**Work task**
The copy should begin at the line containing "Welcome back, friends, to" and end at the last line of the material. Please reproduce those lines exactly and keep pictures out.
....
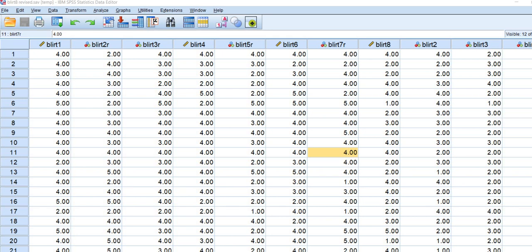So McDonald's Omega does not make the assumption of essential tau equivalence. And so it can be useful when you have a set of congeneric indicators associated with your scale. And what it will do for you is to produce a more accurate estimate of reliability in those cases. In those circumstances where your indicators are essentially tau equivalent, then McDonald's Omega will yield a reliability estimate that is comparable to Cronbach's Alpha. So you can see from that standpoint that McDonald's Omega is actually a more general procedure and would fit more situations than Cronbach's Alpha.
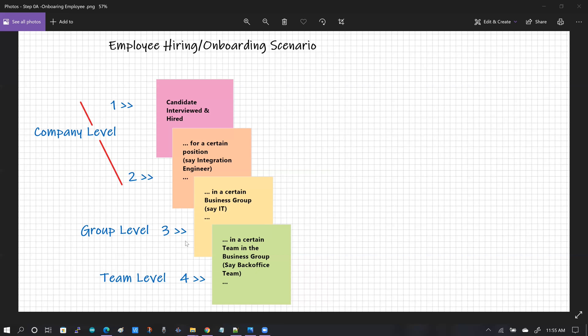Depending on how deep or how large the organization is, sometimes the groups are divided into smaller teams at level four. For example, in my case, I'm an integrations engineer for the IT group. The IT group has many teams under it — the front office team, the back office team, the enterprise reporting team, and the IT and help desk team. I work as an integrations engineer for the back office team. So typically, the journey of a candidate in the hiring and onboarding scenario begins at the company level where they are hired, become an employee, join a business group, and are then assigned to a certain team.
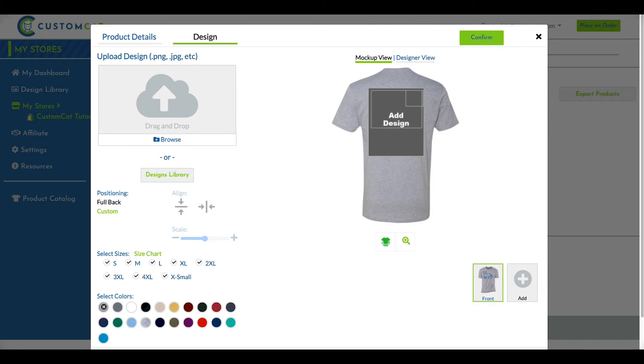Keep in mind, you cannot use the same image from your design library for multiple print locations. Please re-upload your design to apply the same artwork to two locations on the same garment.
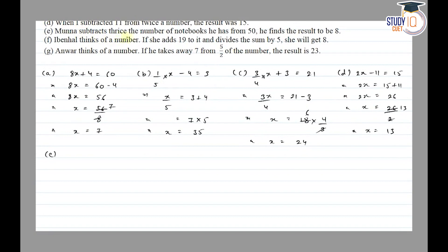Part e: Munna subtracts thrice the number of notebooks he has from 50. He finds the result to be 8. The number of notebooks we assume is x. So the equation is: 50 minus 3x is equal to 8.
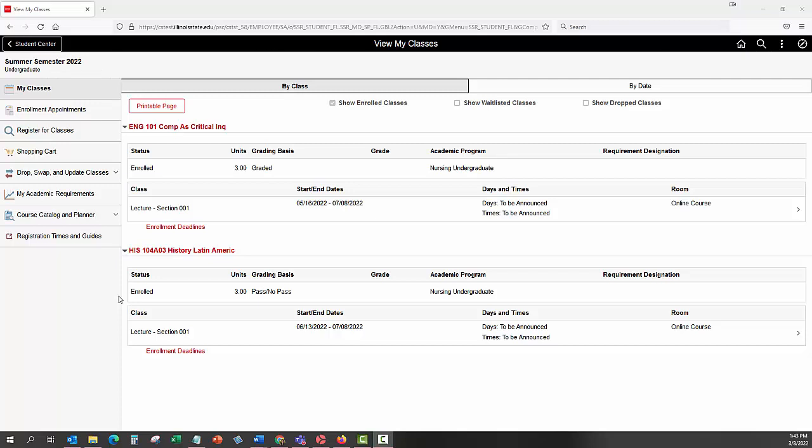You may build out your planner for as many terms as are available. After adding courses to your planner, you can proceed directly from planning to enrollment. The planner differs from the shopping cart.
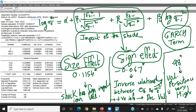After the E-GARCH model, I am going to explain another version called the M-GARCH model.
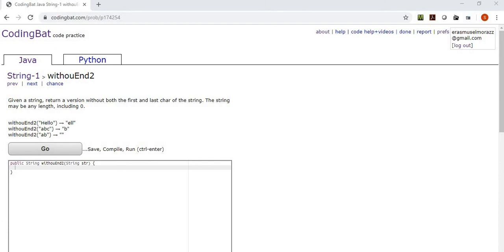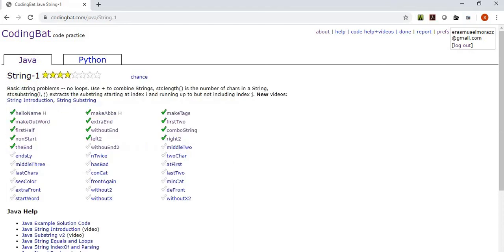Welcome back, friends, to Cajun Coding. This is St. Raz, and we are continuing on our Java journey on the CodingBat website created by Nick Pellarante. We're on the String1 section.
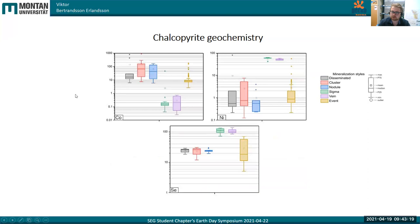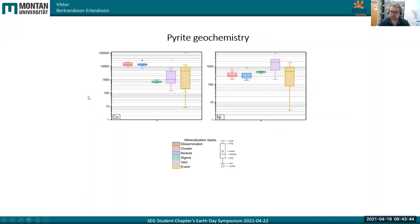The same grouping is seen in chalcopyrite. I'm just showing a few elements, but this holds true for more elements that we've been analyzing. In some elements, of course, we don't see any grouping and it can be completely scattered. But we see this trend for many of the elements in both sphalerite and chalcopyrite — it looks like a very clean, nice grouping. When it comes to pyrite, it is not as clear — I've only shown two elements because there's not much to say about the grouping. Perhaps the only trend is cluster and nodules grouping together.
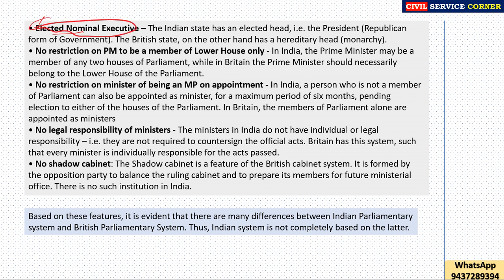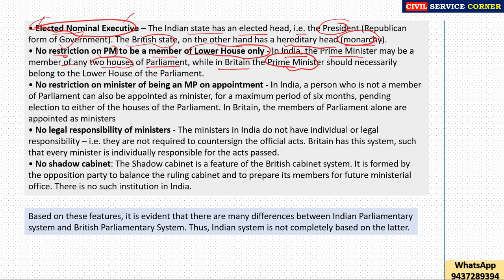Second, elected nominal executive: the British king or queen is a hereditary head, but India's head is an elected head. The Indian state has an elected head — the President — representing a republican form of government, while the British state has a hereditary head, that is, a monarchy. Third, there is no restriction on the Prime Minister to be a member of the lower house only in India. The Indian Prime Minister may be a member of any house of parliament, while in Britain the Prime Minister must necessarily belong to the lower house.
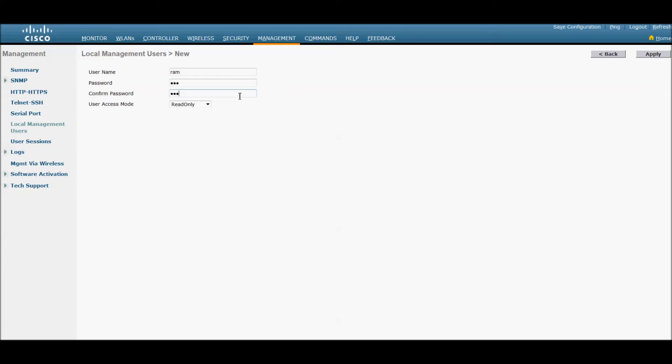They have three different access modes: read only, read write, and lobby admin. Read only mode allows you to only see the configuration and check the configuration. Read write allows you to configure any parameters in the Cisco 5500 controller.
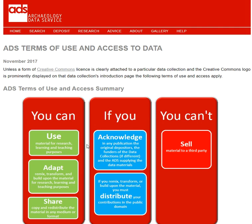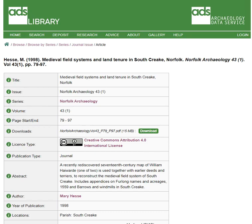However, for simplicity, in 2017 the ADS began the move towards using Creative Commons licenses as our default for new collections. In this example, you can see the license type is the ubiquitous Creative Commons Attribution 4.0, often referred to as CC BY.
....
**Solution for this exercise**
Welcome back, friends, to Cajun Coding. This is St. Raz, and we are continuing on our Java journey on the CodingBat website created by Nick Pellarante. We're on the String1 section.
The same grouping is seen in chalcopyrite. I'm just showing a few elements, but this holds true for more elements that we've been analyzing. In some elements, of course, we don't see any grouping and it can be completely scattered. But we see this trend for many of the elements in both sphalerite and chalcopyrite — it looks like a very clean, nice grouping. When it comes to pyrite, it is not as clear — I've only shown two elements because there's not much to say about the grouping. Perhaps the only trend is cluster and nodules grouping together.
Second, elected nominal executive: the British king or queen is a hereditary head, but India's head is an elected head. The Indian state has an elected head — the President — representing a republican form of government, while the British state has a hereditary head, that is, a monarchy. Third, there is no restriction on the Prime Minister to be a member of the lower house only in India. The Indian Prime Minister may be a member of any house of parliament, while in Britain the Prime Minister must necessarily belong to the lower house.
They have three different access modes: read only, read write, and lobby admin. Read only mode allows you to only see the configuration and check the configuration. Read write allows you to configure any parameters in the Cisco 5500 controller.
However, for simplicity, in 2017 the ADS began the move towards using Creative Commons licenses as our default for new collections. In this example, you can see the license type is the ubiquitous Creative Commons Attribution 4.0, often referred to as CC BY.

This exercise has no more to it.